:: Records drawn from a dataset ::
- - - - - - -
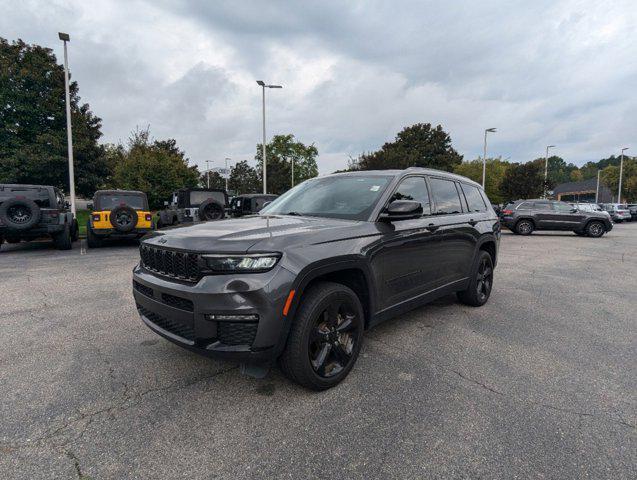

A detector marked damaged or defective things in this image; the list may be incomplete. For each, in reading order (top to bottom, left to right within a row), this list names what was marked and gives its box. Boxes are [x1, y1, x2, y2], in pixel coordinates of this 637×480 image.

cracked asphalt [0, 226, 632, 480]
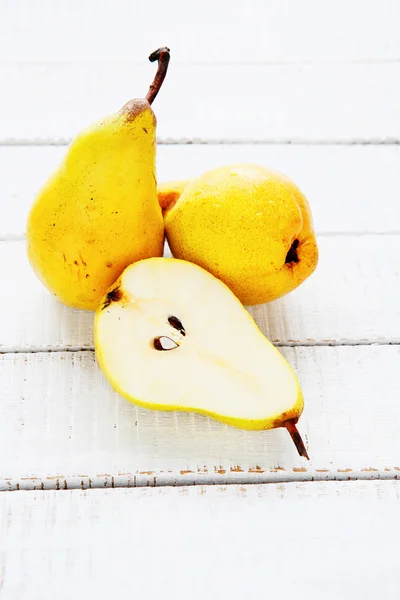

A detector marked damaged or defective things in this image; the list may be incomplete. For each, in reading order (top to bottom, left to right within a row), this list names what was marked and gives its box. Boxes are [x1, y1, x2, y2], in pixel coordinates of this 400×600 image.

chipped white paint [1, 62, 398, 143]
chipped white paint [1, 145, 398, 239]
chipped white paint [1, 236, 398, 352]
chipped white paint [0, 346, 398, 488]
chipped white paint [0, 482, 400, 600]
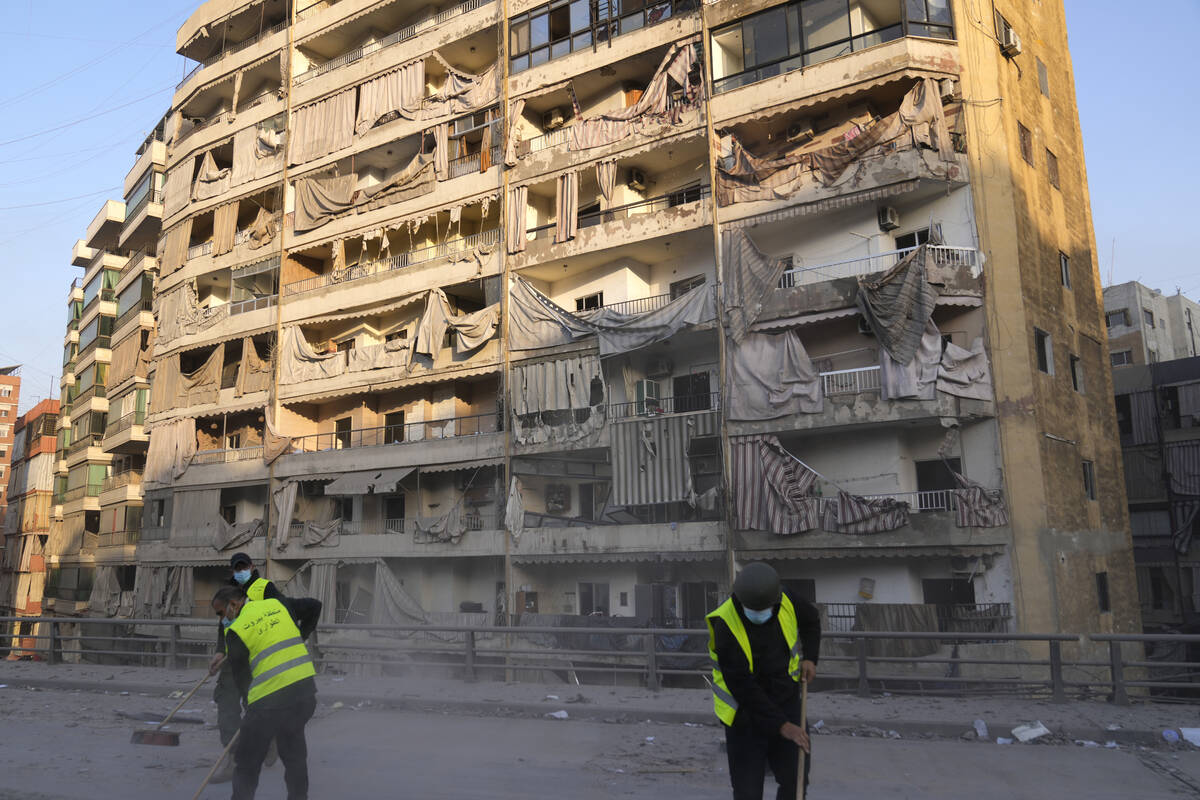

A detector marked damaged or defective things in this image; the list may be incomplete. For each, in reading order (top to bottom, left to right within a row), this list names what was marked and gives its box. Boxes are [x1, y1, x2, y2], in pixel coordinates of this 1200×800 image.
- - - - - - -
Beginning with the line that contains "this 400×600 image.", output every line down to the last line of the entries above exactly as written, apart from the pictures.

A detector marked damaged or defective things in this image; the list may be incomplete. For each, in reading order (top to bottom, left to right within a row), this list names what was marked and gives its box. Boxes are [x1, y1, x2, y2], in pixel coordinates of this 400×600 image.

chipped white paint [1, 62, 398, 143]
chipped white paint [1, 145, 398, 239]
chipped white paint [1, 236, 398, 352]
chipped white paint [0, 346, 398, 488]
chipped white paint [0, 482, 400, 600]

A detector marked damaged or defective things in this image; the list may be incomplete. For each, in reading order (top to bottom, left to right within a row), this list names what was marked and gives its box. Boxes are [x1, y1, x2, y2], in pixel coordinates of this 1200×800 image.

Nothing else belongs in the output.